Eis a suma do que propõe o Substitutivo, que tem importantes previsões, mas que também contem detalhes que devem ser alterados antes da aprovação pelo Legislativo. São detalhes quanto à quantidade das penas, regime de cumprimento, termos atécnicos, entre outros. Todavia, é importante mencionar que as previsões feitas no projeto, ainda que pendentes de pequenas melhorias, adéqua o Brasil ao combate dos delitos de informática, atendendo o que os países europeus já fizeram quando subscreveram a Convenção de Budapeste.
6 – Conclusões
O surgimento da tecnologia e seu desenvolvimento promove constante revolução em nossas vidas apesar de que tal constatação não possa ser eficazmente mensurada. Não há como negar, ainda assim, que a informática tornam a vida mais dinâmica, mais prática, facilitando sobremaneira a vida social. Por outro lado não se pode acreditar cegamente que tal tecnologia seja perfeita, porque, afinal, quem a produz é o ser humano, falível e certamente suscetível a erros.
Há grande preocupação com o desenvolvimento da tecnologia, mas são deixadas de lado questões importantes como regulamentações quanto ao trato da mesma ou, ainda, sobre métodos e leis que busquem frear a nova onda da criminalidade.

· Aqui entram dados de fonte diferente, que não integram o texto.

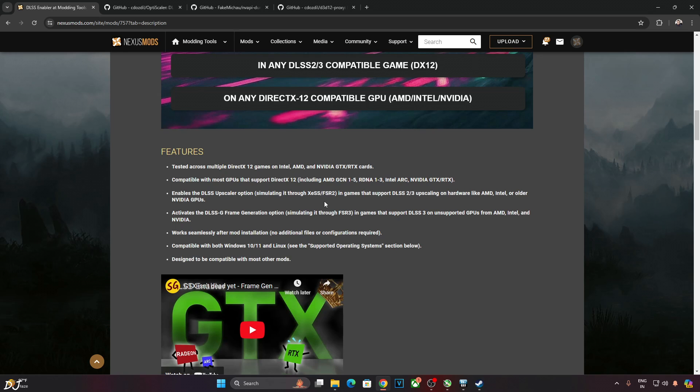Activates the DLSS G frame generation option simulating it through FSR 3. This is done using Nukem 9's DLSS G to FSR 3 mod. This mod is also a part of DLSS Enabler.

Dessa forma, dentre as várias questões que circundam a criminalidade informática, há que se analisar o atual estado das legislações penais, não só pátrias, mas também das estrangeiras, já que para a total proteção penal quanto a esses ilícitos é preciso alguma harmonização internacional. Não só isso, mas o fato de se promover a educação digital, seja por parte de órgãos públicos, seja por parte de particulares em geral, que devem criar estudos e cursos sobre aspectos legais e éticos da informática com a fito de promover a prevenção de danos. Até porque há o chamado “redescobrimento da vítima” pelo Direito Penal, considerando-a dinâmica em relação a diversos ilícitos, especialmente os informáticos, o que também deve fazer a doutrina penal refletir sobre a aplicação da teoria da imputação objetiva ou não, conforme se entenda que a sociedade brasileira encontra-se estruturada e apta a lidar com as conseqüências disso. Isso porque parece ser um tanto quanto cedo exigir-se da sociedade que atue de forma absolutamente precavida ao navegar pela internet, evitando-se golpes como o phishing.
Também seria recomendável modificar as perspectivas e enfoques penais, especialmente para evitar-se a perda de relevância e significado social de tal ramo jurídico. Até por isso é relevante entender os ilícitos informáticos como verdadeiras condutas de risco, promovendo algumas incriminações valendo-se de tipos de perigo. Assim, por exemplo, um mero acesso não autorizado a sistema deve ser interpretado como verdadeira perda de credibilidade e confiança no funcionamento do sistema.
Apesar disso, releituras dogmáticas e práticas do que seja o princípio da intervenção mínima são bem-vindas, conjugando-se proporcionalidade e a característica
de ultima ratio do Direito Penal para a melhor resposta aos desafios trazidos pela tecnologia.
Em suma, o Direito Penal brasileiro não está lidar com relevantes ilícitos informáticos por falta, em nosso ordenamento, algumas tipificações. Outros países já notaram a importância da atualização legislativa e já se movimentaram, inclusive por assinatura de Convenções como a de Budapeste, que, aliás, prevê algo fundamental: a cooperação internacional.